Your objective: Images should be omitted while the rest of the data is duplicated exactly.

Collected material:
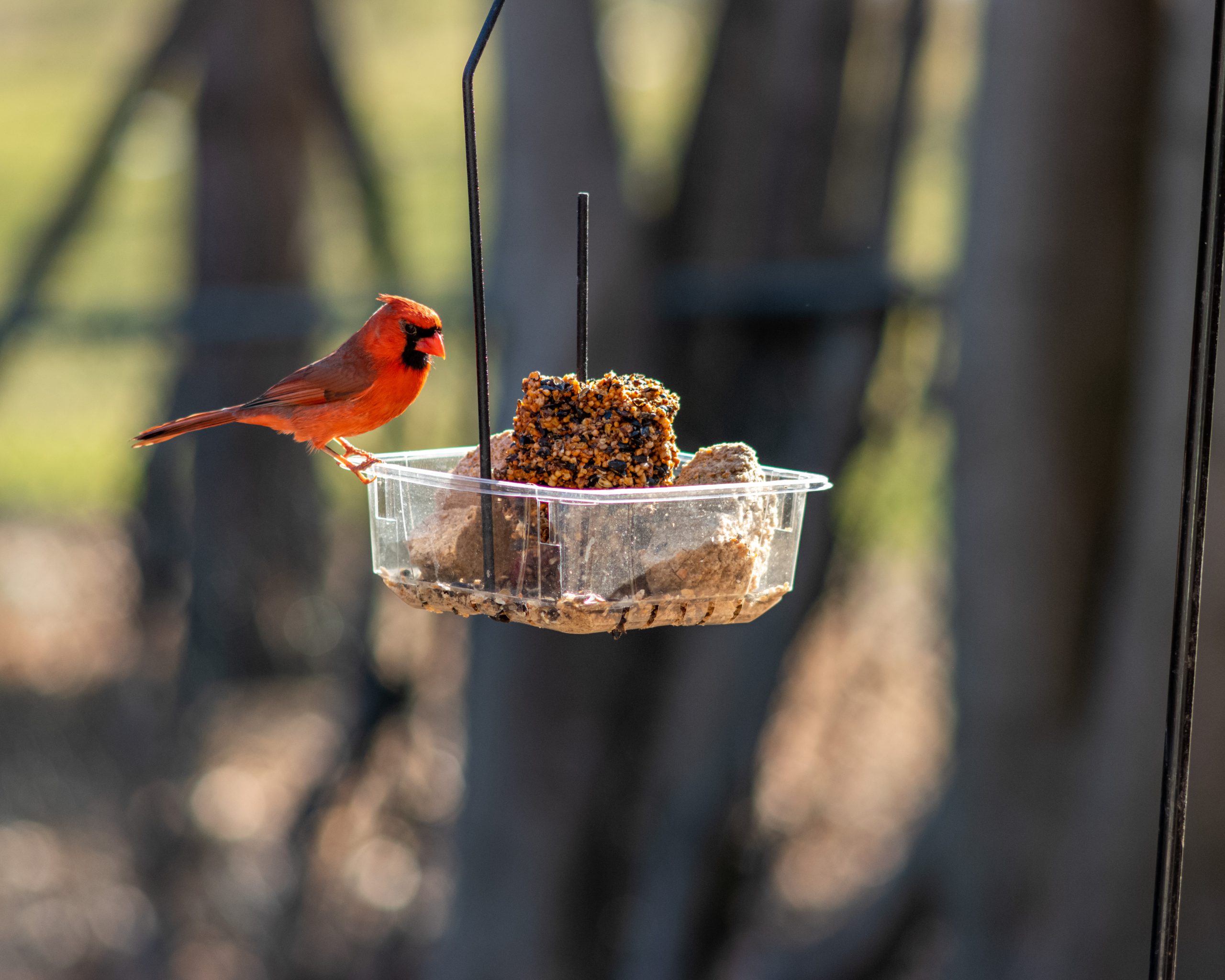 The Bird Feeder (update)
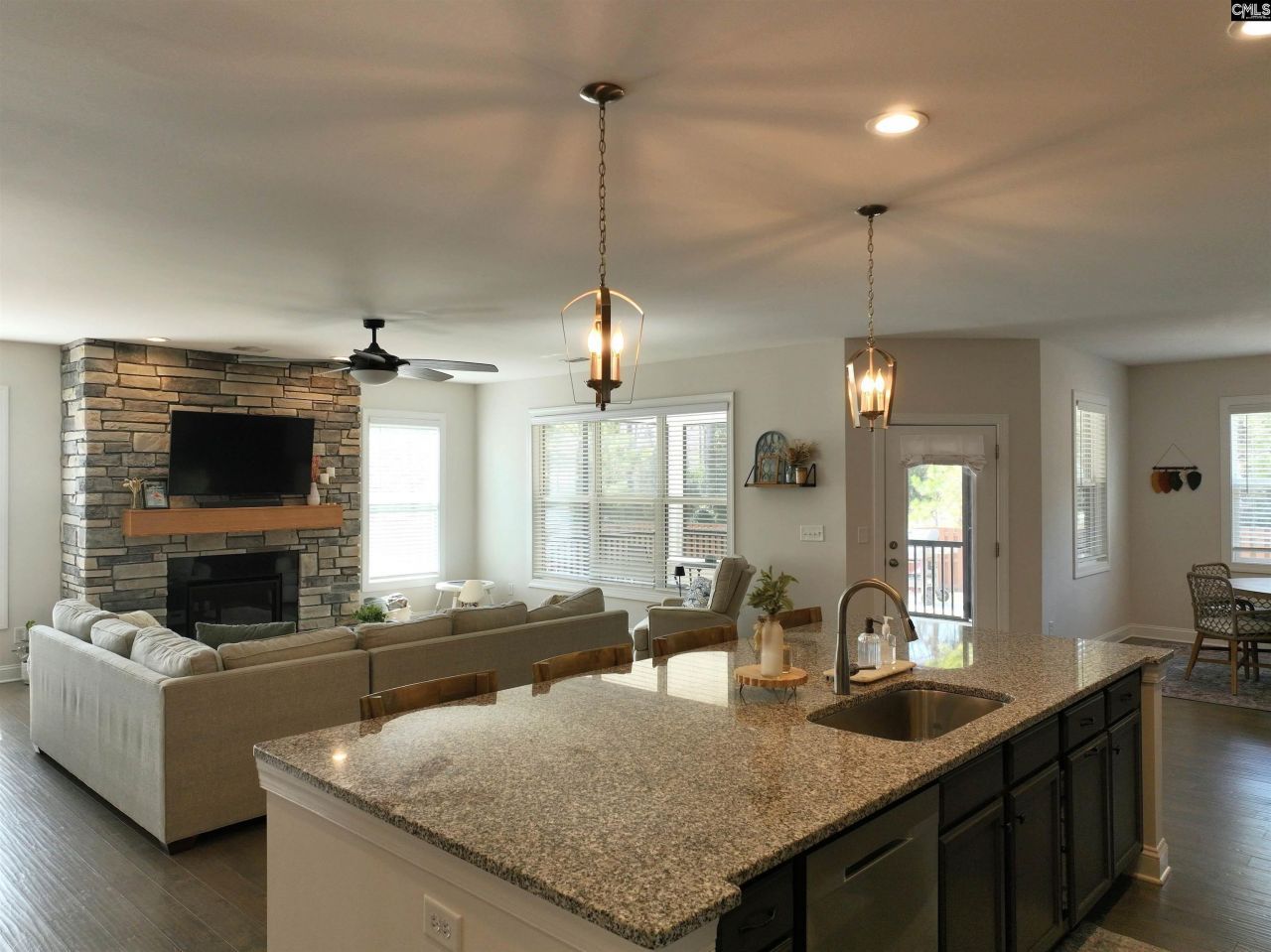 218 Chapin Brooke Court Photo 17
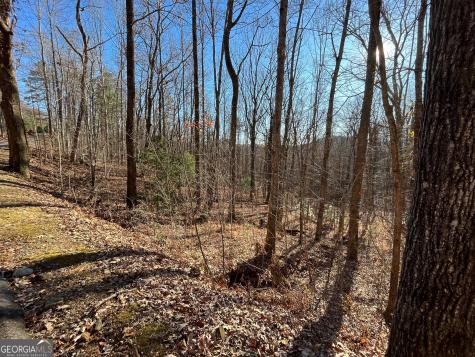 Lot #2 Forest Canopy Way Clayton GA 30525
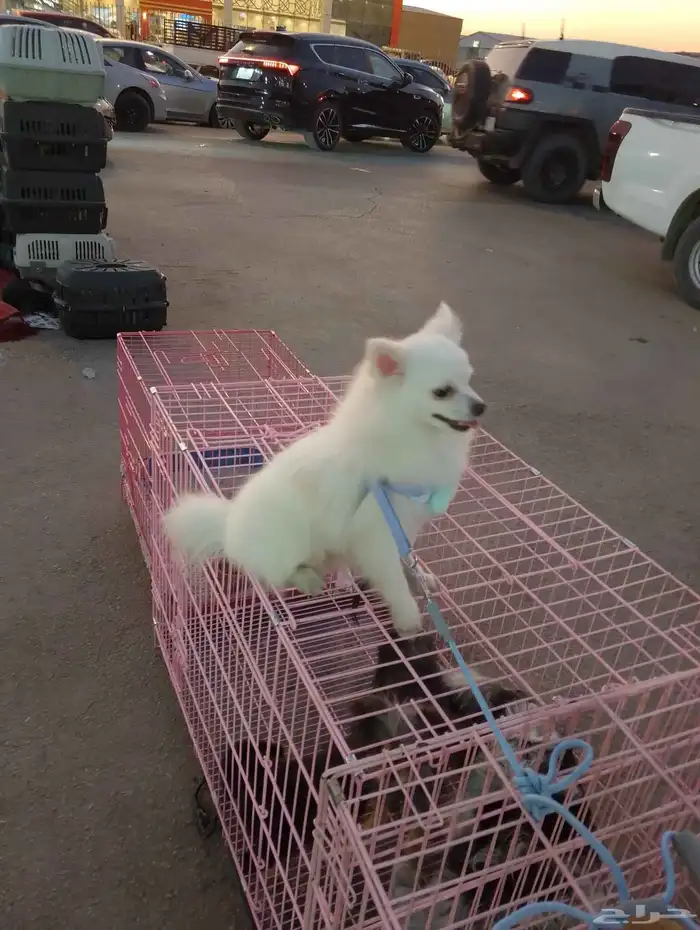 كلاب برمنيوم للبيع العمر 10اشهور ماشالله نضيف السعر 1000ريال 4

Task output:
 The Bird Feeder (update)
 218 Chapin Brooke Court Photo 17
 Lot #2 Forest Canopy Way Clayton GA 30525
 كلاب برمنيوم للبيع العمر 10اشهور ماشالله نضيف السعر 1000ريال 4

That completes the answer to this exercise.